Jestem zadowolony z organizacji imprezy i ze swojego czasu – przyznał na mecie Artur Kamiński, zwycięzca tegorocznego Biegu Kujawiaka – Trasa była bardzo ciężka. Praktycznie nie było gdzie odpocząć, bo były albo górki, albo piasek. Ja preferuję bardziej biegi uliczne i płaskie trasy.
Artur przekroczył linię mety z czasem 39:35. Jako drugi wyścig ukończył Kamil Podolski (41:07). Na najniższym stopniu podium stanął natomiast Zbigniew Górczyński (42:00).
Najszybsza kobieta minęła linię mety z czasem 49:51. Podobnie jak
triumfator męskiej rywalizacji, Aneta Turalska również nieczęsto
startuje w biegach przełajowych. Drugą z pań, która przekroczyła linię
mety była Kamila Jeziorska (51:59). Jako trzecia bieg ukończyła
Agnieszka Tomaszewska (54:08).
Nie preferuję przełajów, biegam je mniej więcej raz w roku – zdradziła zwyciężczyni Biegu Kujawiaka – Jestem zadowolona z mojego wyniku i myślę, że pojawię się tu również za rok.
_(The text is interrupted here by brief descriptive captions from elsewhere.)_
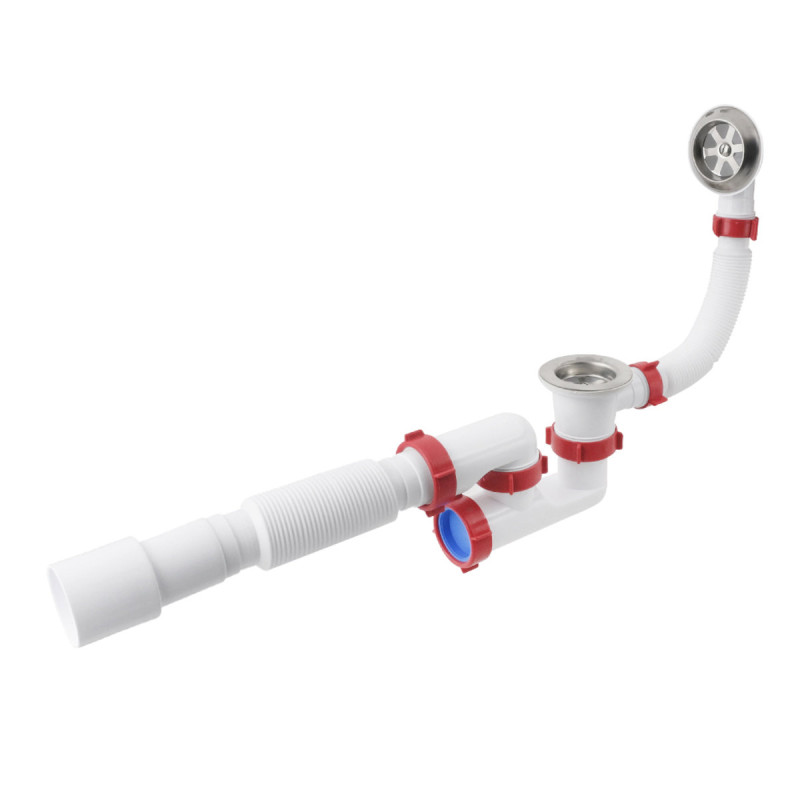 Polmark Сифон для ванни з ревізією/з випуском 1 1/2" перел і гофр 40x40/50 PM 40 SF 30 02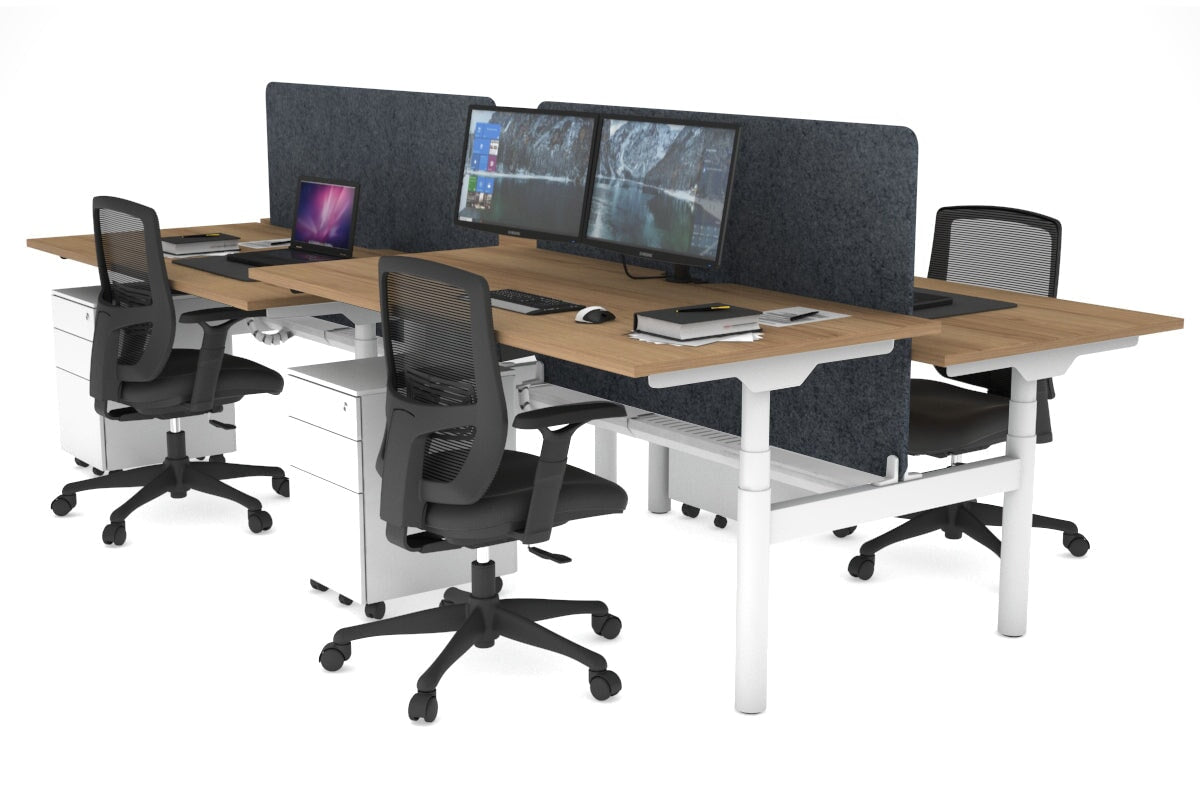 Flexi Premium Height Adjustable 4 Person H-Bench Workstation - White Frame [1400L x 800W with Cable Scallop] Jasonl salvage oak dark grey echo panel (820H x 1200W) white cable tray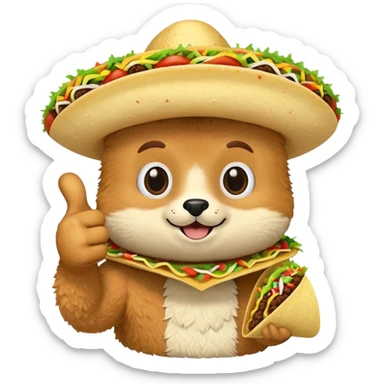 Furry holding taco giving thumbs up sticker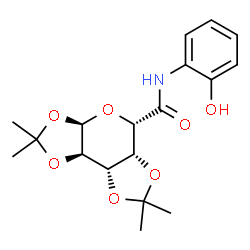 ChemSpider 2D Image | (3aR,5S,5aR,8aS,8bR)-N-(2-Hydroxyphenyl)-2,2,7,7-tetramethyltetrahydro-3aH-bis[1,3]dioxolo[4,5-b:4',5'-d]pyran-5-carboxamide | C18H23NO7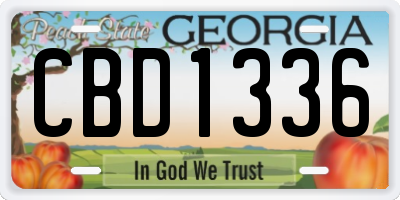 GA license plate CBD1336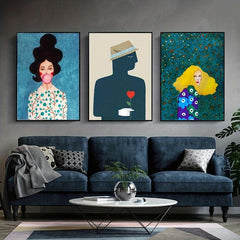 3pcs Frameless Wall Decor Painting Modern And Playful Girls Canvas Posters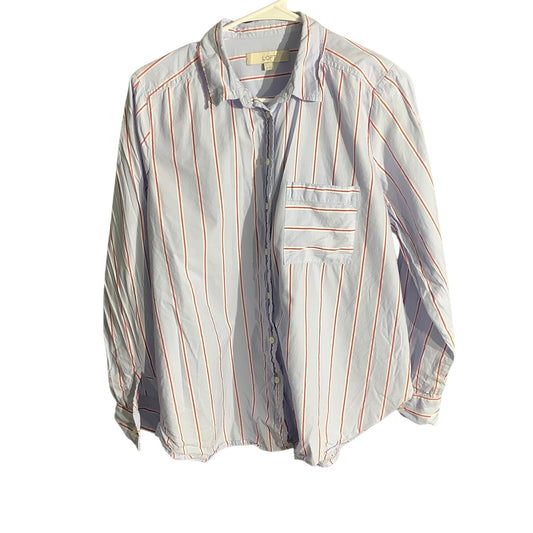 Loft Light Button-Down Collared Shirt Women’s Size M — Preppy, Casual, Classic
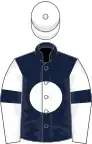 Dark blue, white disc, white sleeves, dark blue armlets, white cap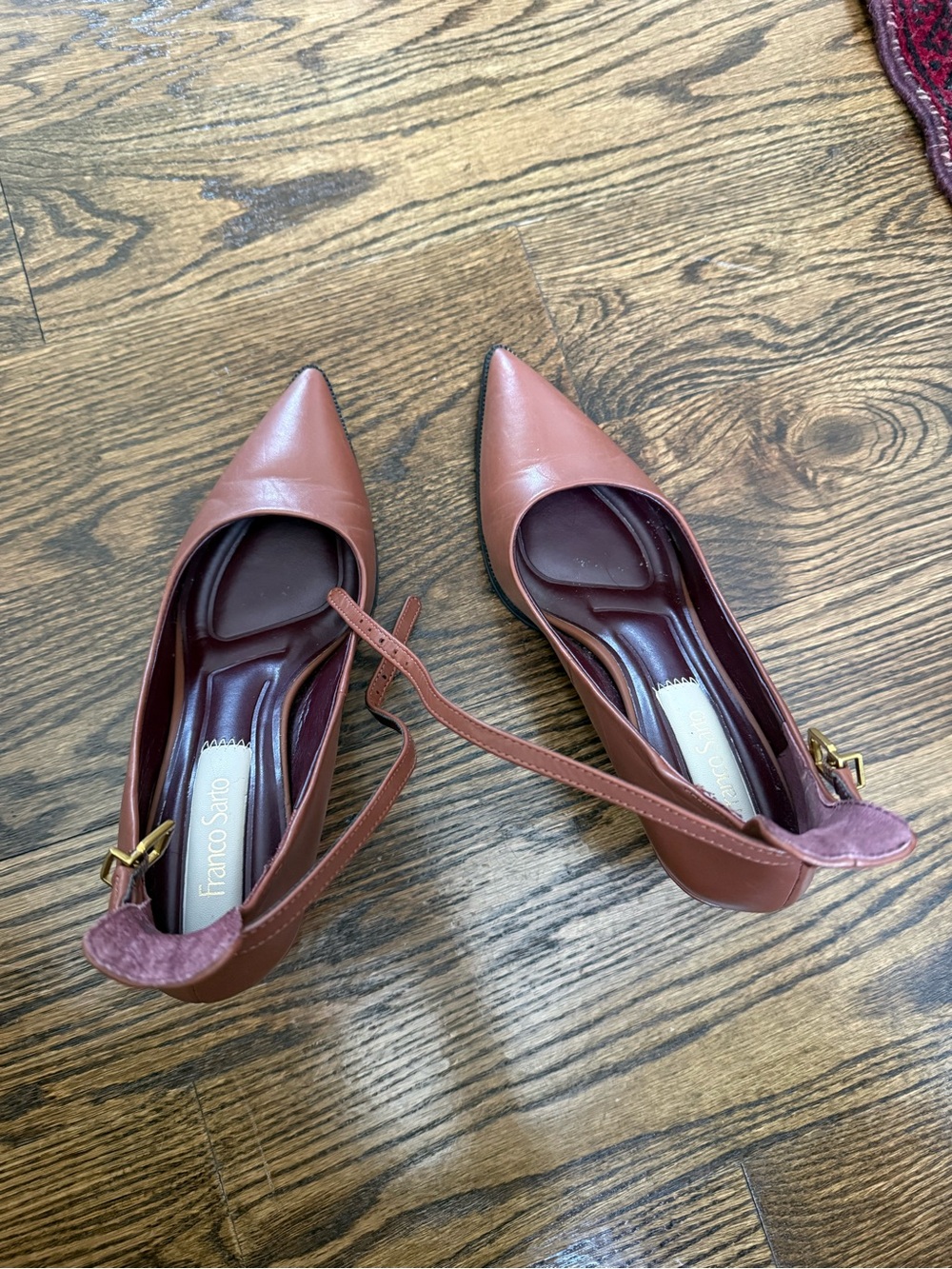 Franco Sarto Rust Brown Pointed-Toe Ankle-Strap Heels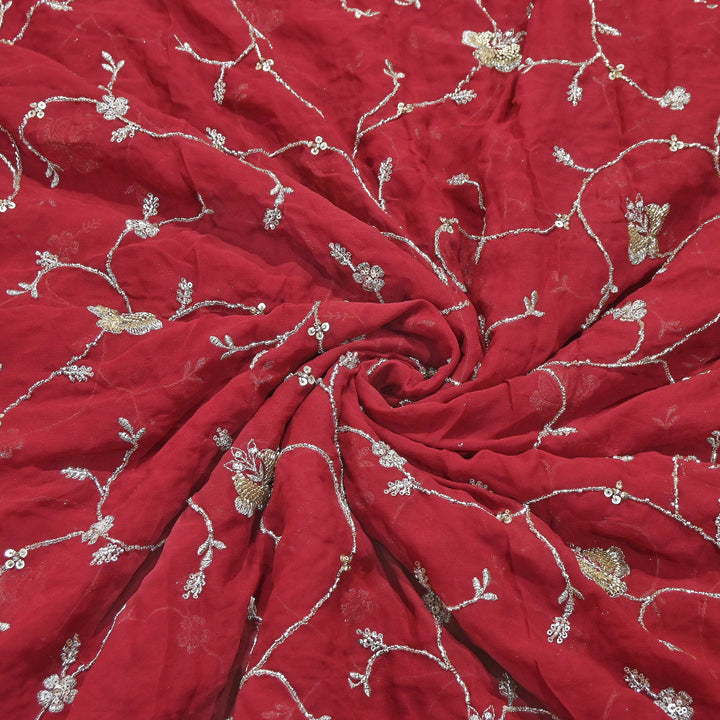 Premium Dyed Viscose Georgette Zari, Sequins & Moti Embroidery Fabric – Luxury Designer Fabric| V20895-4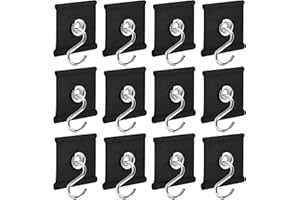 PHATRIP Lot de 12 œillets de passepoil pour rail de store RV, crochets de bande tubulaire, crochets en S, crochets passepoilés pour auvent, caravane, camping (noir)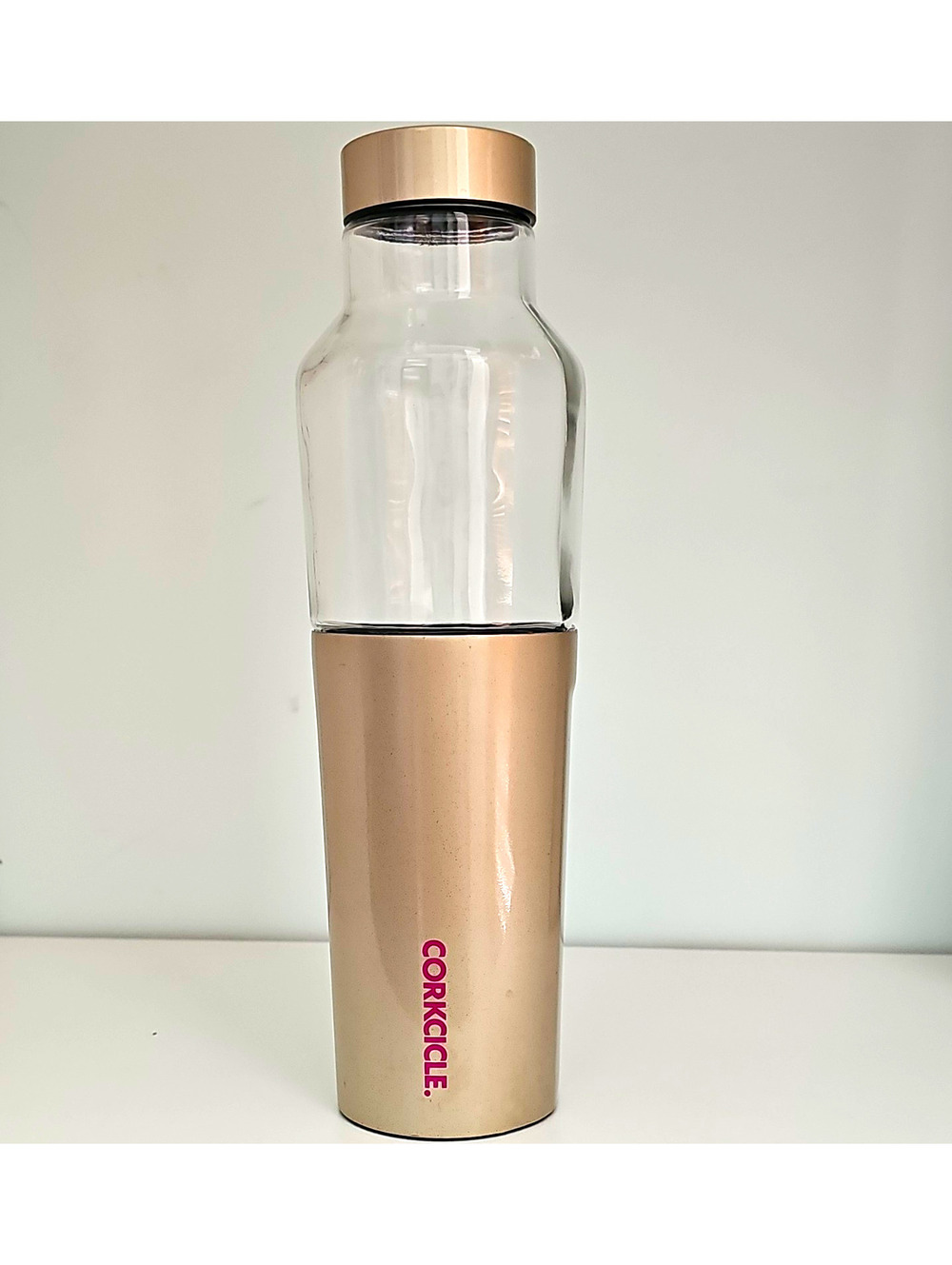 Corkcicle Glass Water Bottle w/ Cup Base, Twist Lid 20 oz Clear/Rose Gold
Na mecie na każdego biegacza czekał pamiątkowy medal. Najlepsi biegacze i biegaczki w kategorii open otrzymali dodatkowo puchary i nagrody finansowe w wysokości 300, 200 i 100 zł. Z pucharami i sadzonkami jodeł do domów wrócili zdobywcy miejsc I-III w poszczególnych kategoriach wiekowych.